__Work order__.
Go to the line that contains "HermÃ¨s Twilly Orpheus" in the records below and repeat it, and each line after it, exactly through the end, omitting pictures.

__Data excerpts__.
+===+

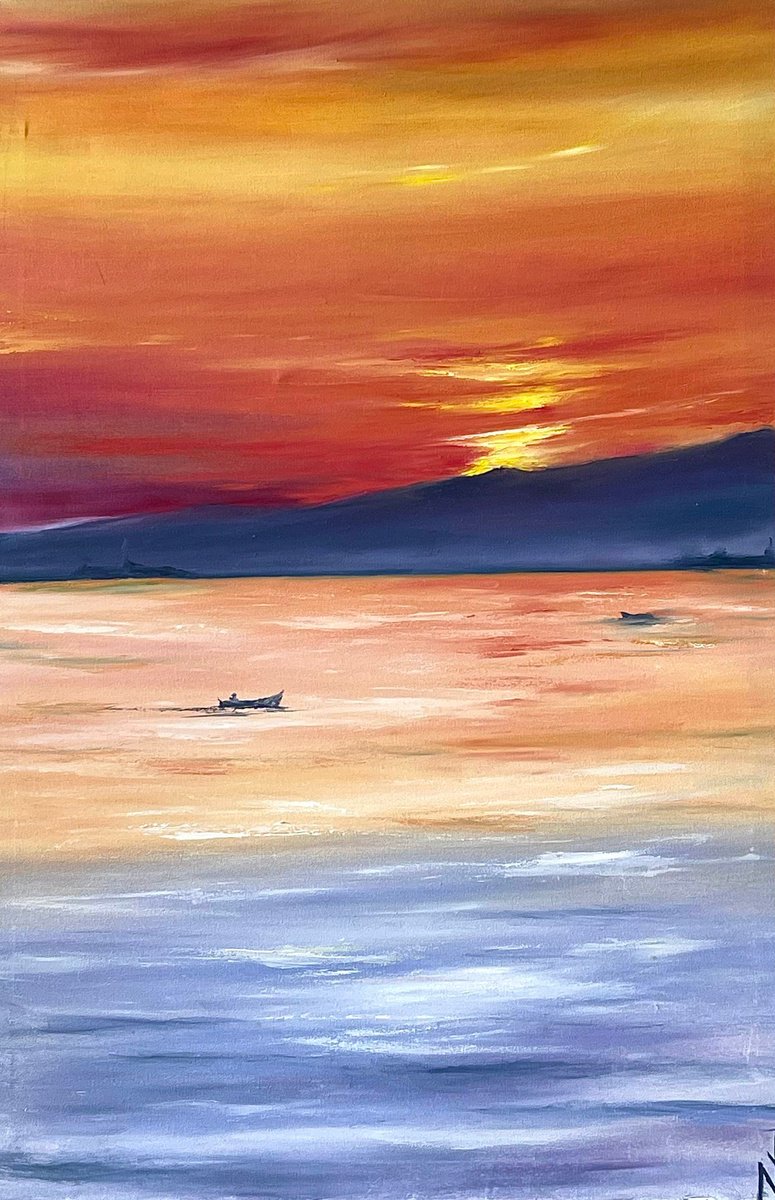 Impressionistic Landscape Oil Painting By Anastasiia Novitskaya, 24 X 35, Italian Fisherman, Original Artwork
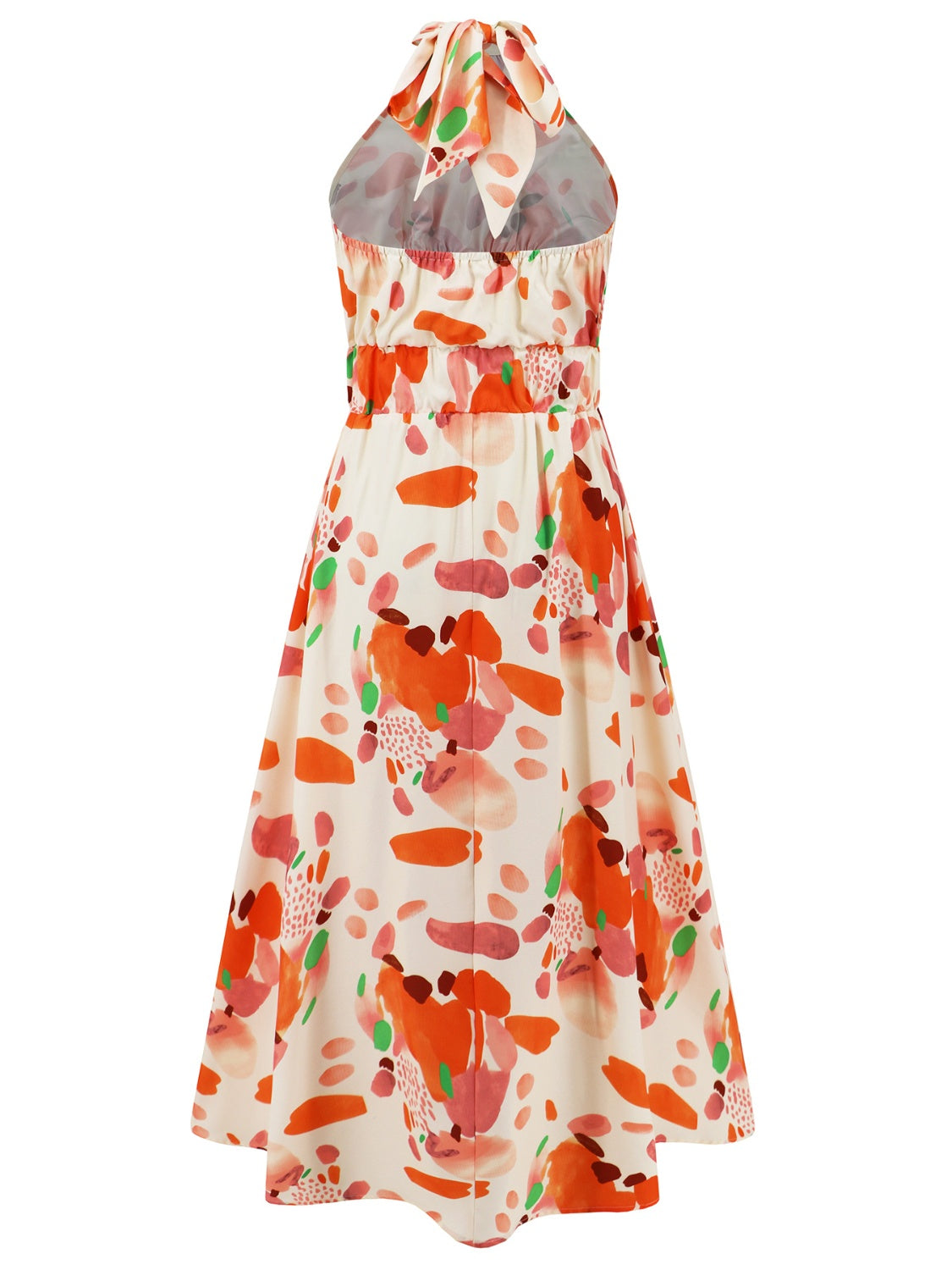 Ruched Printed Halter Neck Sleeveless Dress Trendsi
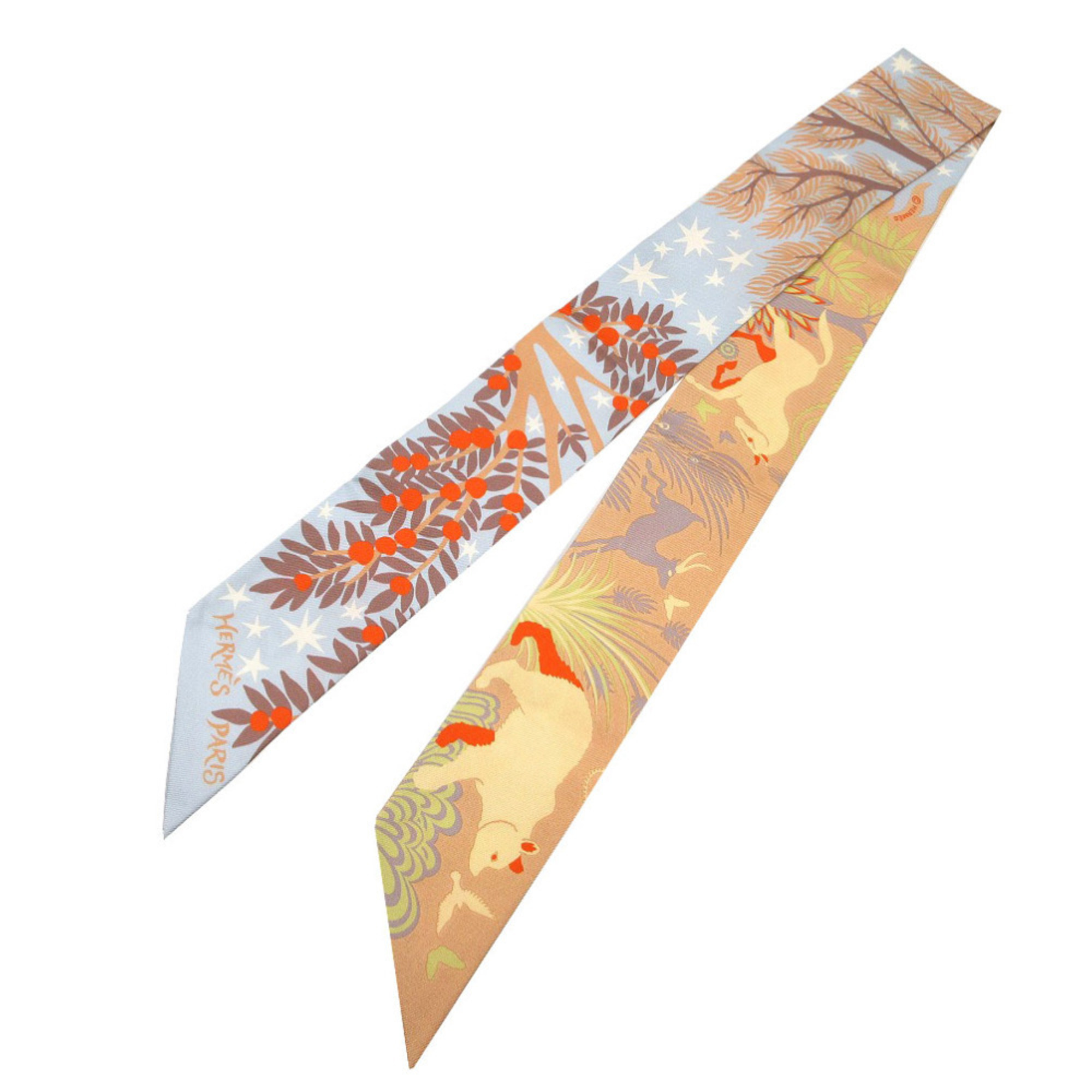 HermÃ¨s Twilly Orpheus Scarf Silk Muffler Ciel/Beige Rose/Vermilion 1287 HERMES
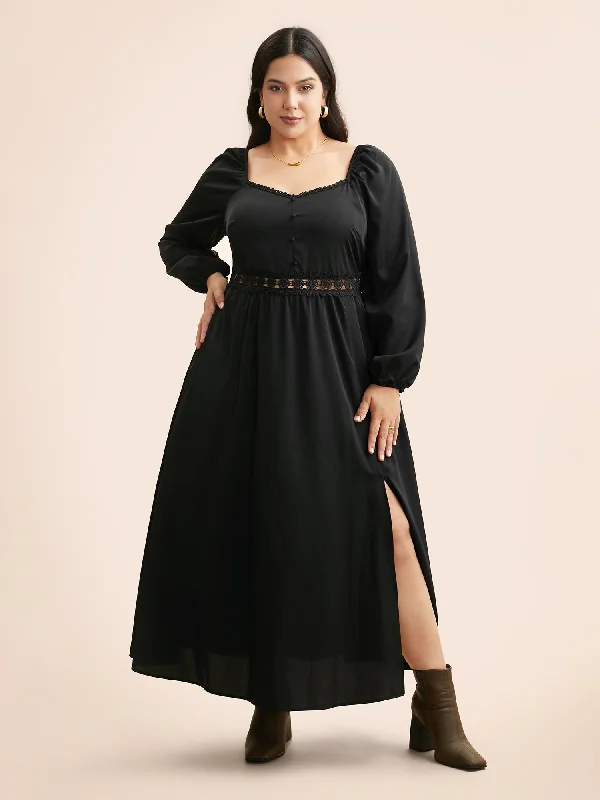 Maxi dresses with a button - down front for a classic lookHeart Neckline Shirred Woven Ribbon Dress Maxi dresses with a button - down front for a classic lookHeart Neckline Shirred Woven Ribbon Dress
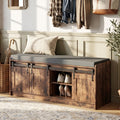 42" Farmhouse Shoe Storage Bench, Rustic Brown, 2pc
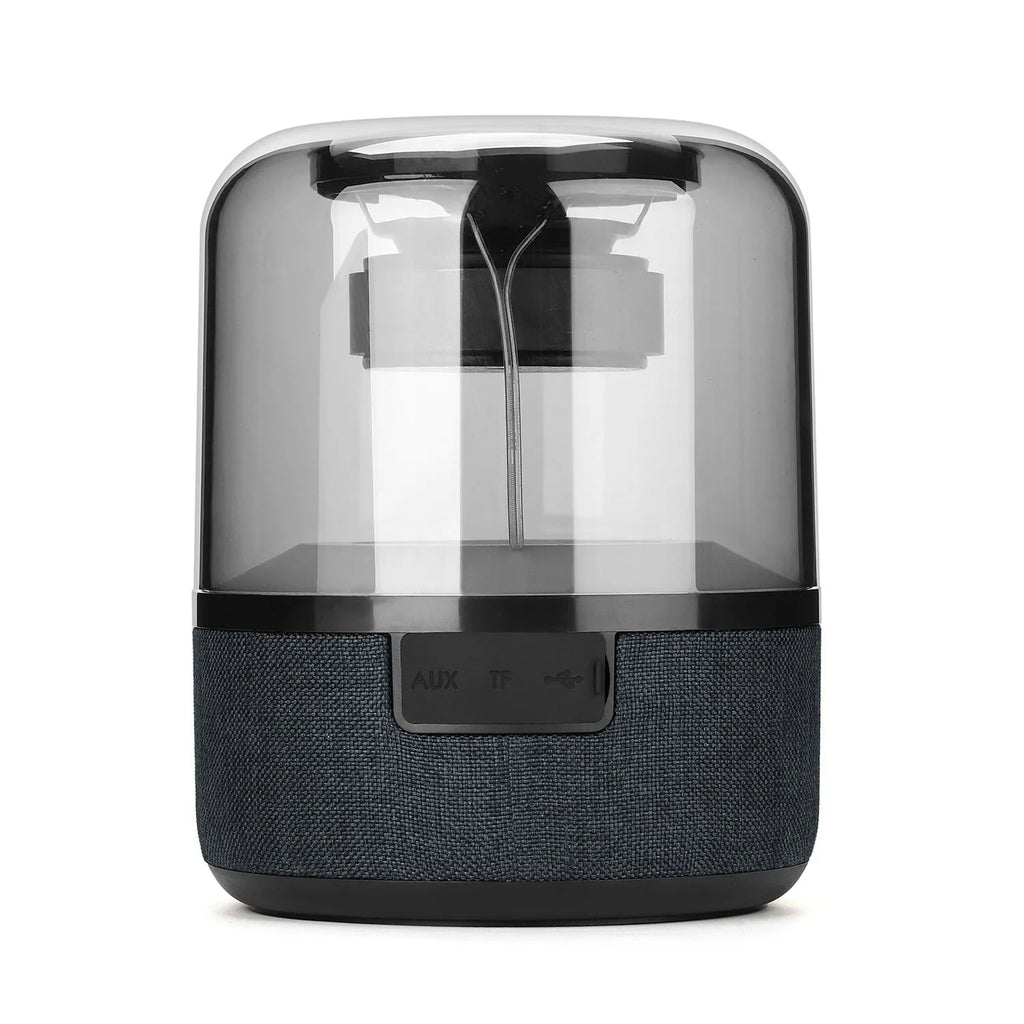 Black wireless Bluetooth speaker with colour-changing halo lights and control buttons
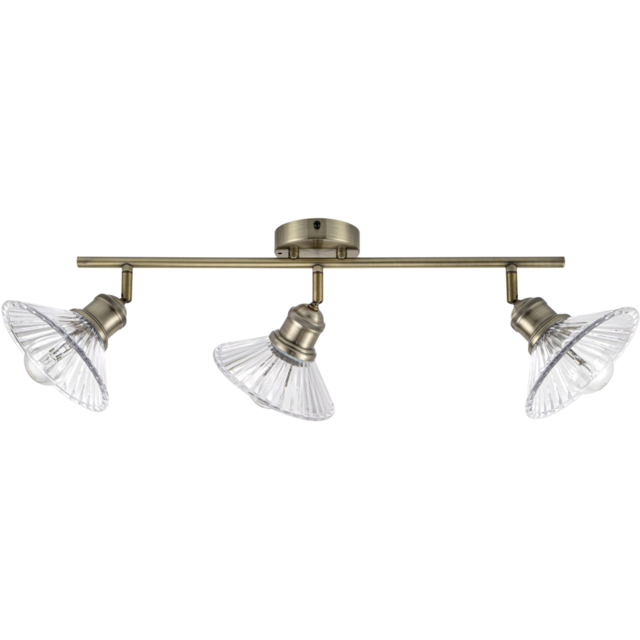 Cosylyte Milan Bathroom Antique Brass 3 Light Ribbed Glass Spotlight - image 1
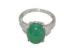 Oval Green Jade 925 Sterling Silver CZ Rings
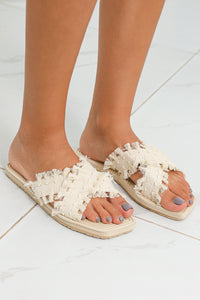 Tassel Woven Crossed Straps Flat Slippers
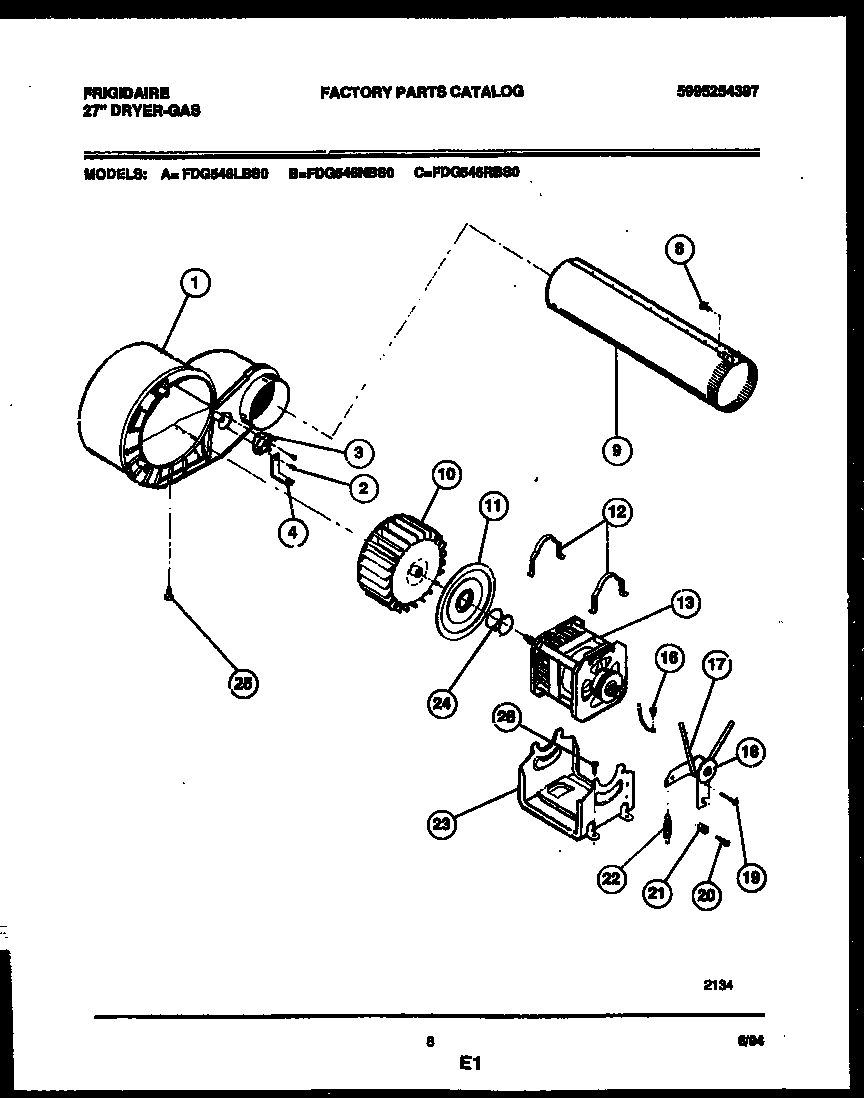 Frigidaire FDG546LBT0 blower and drive parts diagram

+===+

__Your response__.
 HermÃ¨s Twilly Orpheus Scarf Silk Muffler Ciel/Beige Rose/Vermilion 1287 HERMES
 Maxi dresses with a button - down front for a classic lookHeart Neckline Shirred Woven Ribbon Dress Maxi dresses with a button - down front for a classic lookHeart Neckline Shirred Woven Ribbon Dress
 42" Farmhouse Shoe Storage Bench, Rustic Brown, 2pc
 Black wireless Bluetooth speaker with colour-changing halo lights and control buttons
 Cosylyte Milan Bathroom Antique Brass 3 Light Ribbed Glass Spotlight - image 1
 Oval Green Jade 925 Sterling Silver CZ Rings
 Tassel Woven Crossed Straps Flat Slippers
 Frigidaire FDG546LBT0 blower and drive parts diagram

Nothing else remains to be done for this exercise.